Exercise: Take nothing but the lines from the one with "No Matter What" through the one with "Seaside Shells Ceramic" in the entries below, both ends kept, and return them exactly with pictures left out.

====== Dataset records ======

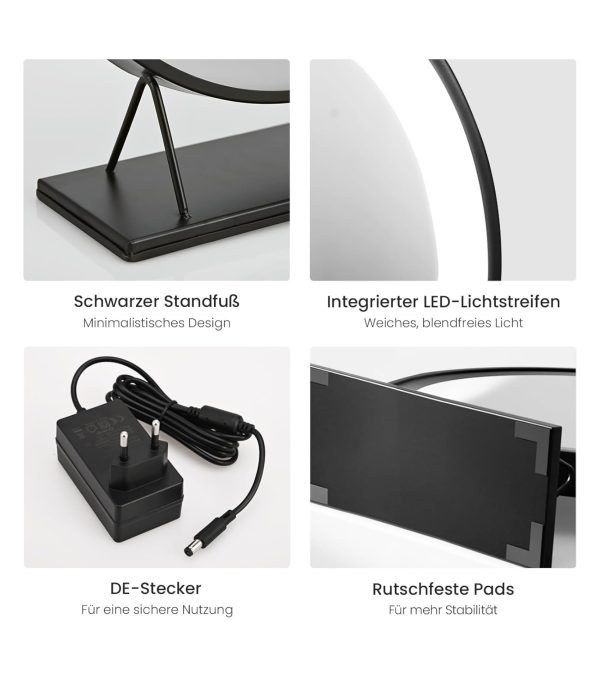 Heilmetz kerek Hollywood sminktükör – beépített LED-világítás, dekoratív és funkcionális (fekete) - Image 7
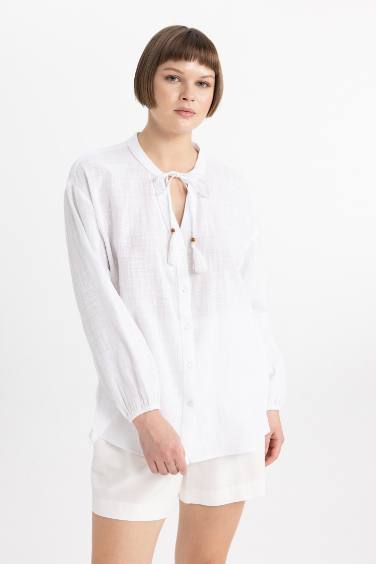 Blouse coupe régulière à Manches Longues et Col Rond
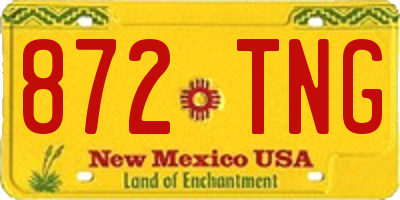 NM license plate 872TNG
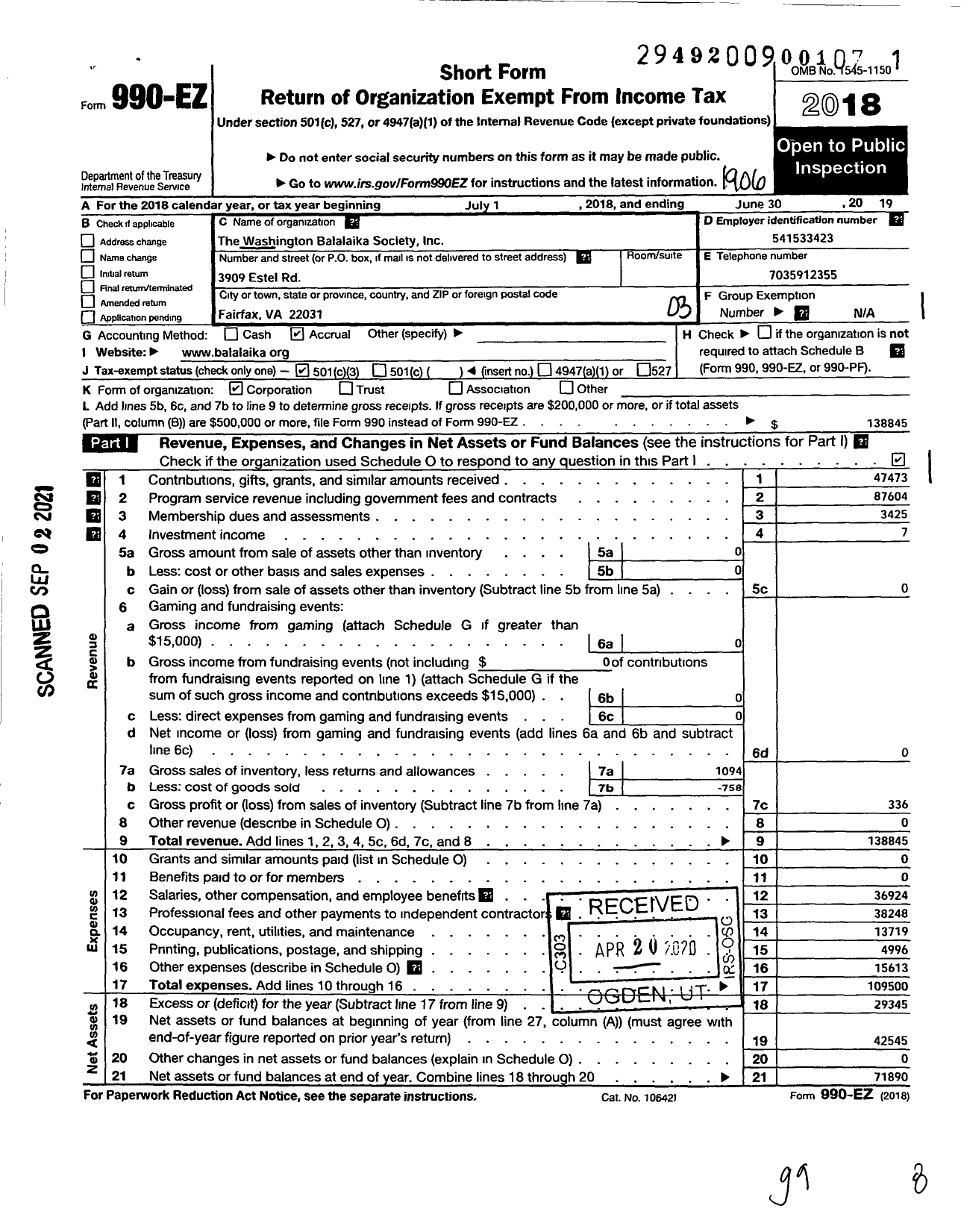 Image of first page of 2018 Form 990EZ for The Washington Balalaika Society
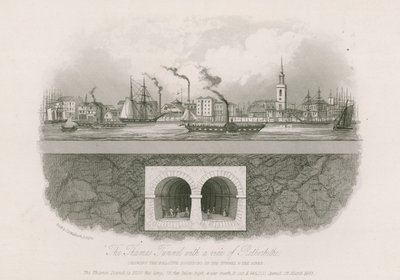 Themsen-tunneln med utsikt över Rotherhithe av English School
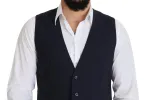 Elegant Dark Blue Formal Dress Vest sold by Louxly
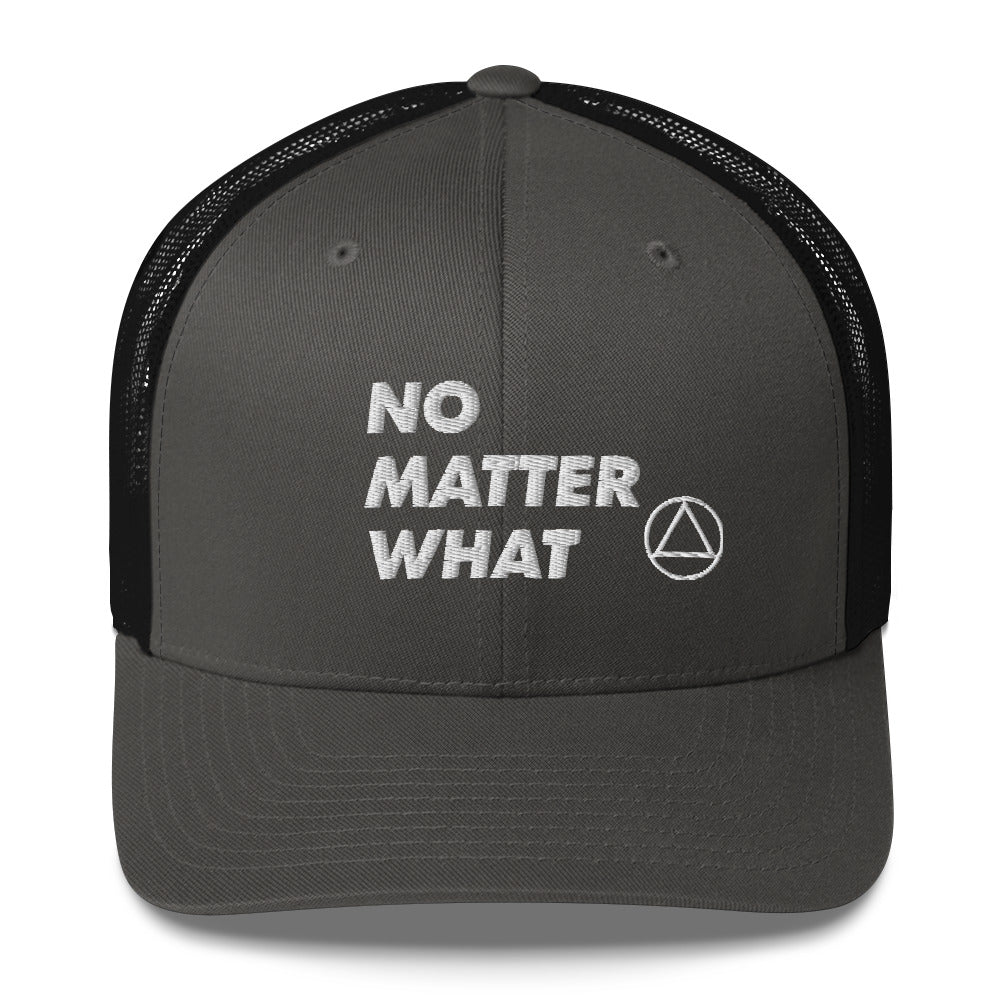 No Matter What Club AA NA 12-step Recovery Slogans Sayings Motivational Inspiration Support gifts White Logo Mesh Snapback retro hat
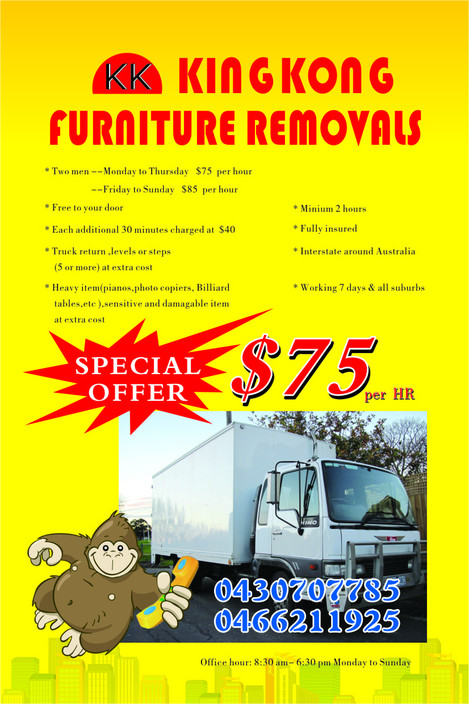 king kong furniture removals&cleaning services Pic 1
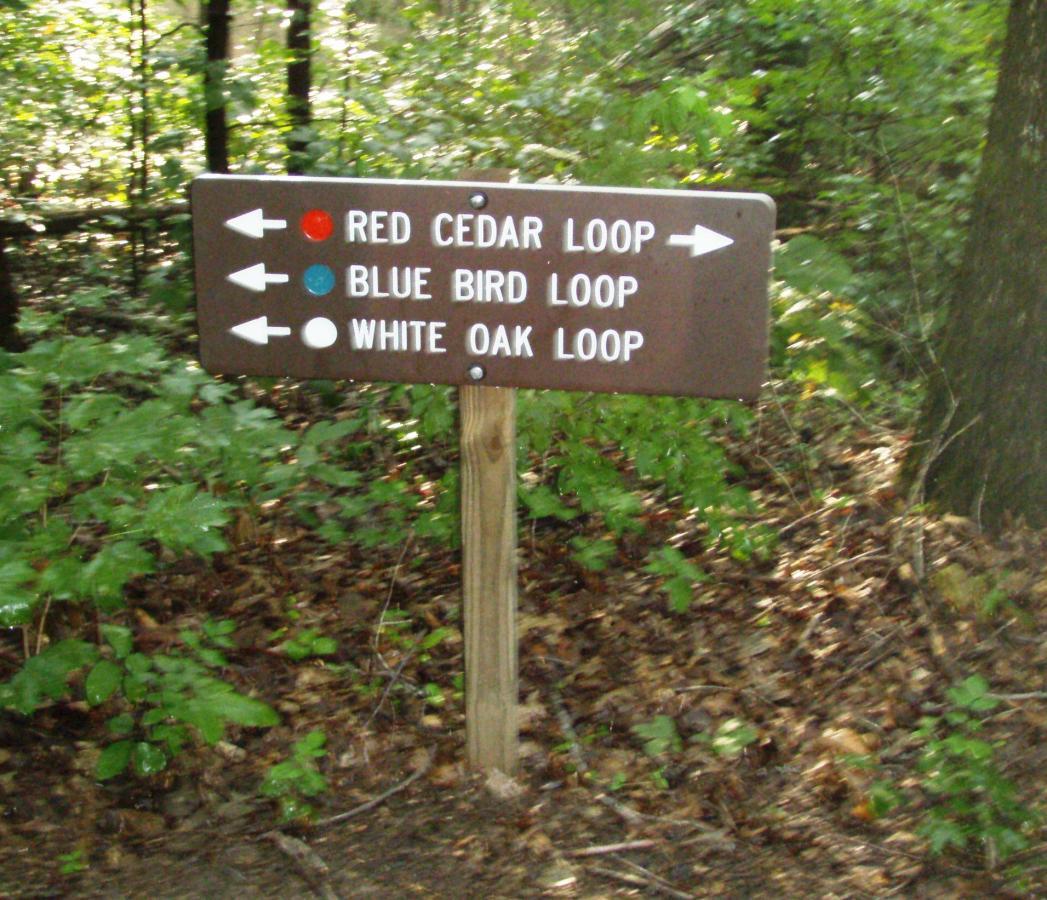 A wooden directional sign in a forested area, indicating three hiking trail loops: Red Cedar Loop, Blue Bird Loop, and White Oak Loop, with corresponding colored markers to guide hikers. Rotary Park mountain bike trail.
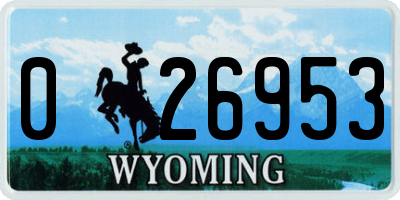 WY license plate 026953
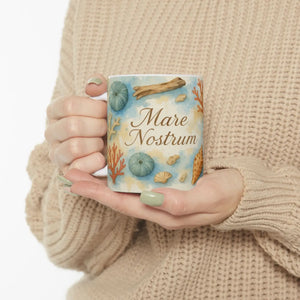 Seaside Shells Ceramic Mug - Coastal Morning Escape - Dipaliz - 11oz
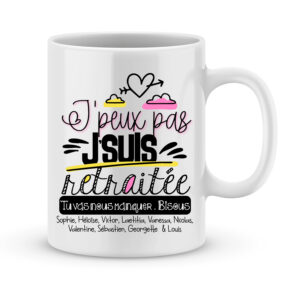 Cadeau original départ retraite - Mug j'suis retraité modèle pour femme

======

Expected output:
 No Matter What Club AA NA 12-step Recovery Slogans Sayings Motivational Inspiration Support gifts White Logo Mesh Snapback retro hat
 king kong furniture removals&cleaning services Pic 1
 A wooden directional sign in a forested area, indicating three hiking trail loops: Red Cedar Loop, Blue Bird Loop, and White Oak Loop, with corresponding colored markers to guide hikers. Rotary Park mountain bike trail.
 WY license plate 026953
 Seaside Shells Ceramic Mug - Coastal Morning Escape - Dipaliz - 11oz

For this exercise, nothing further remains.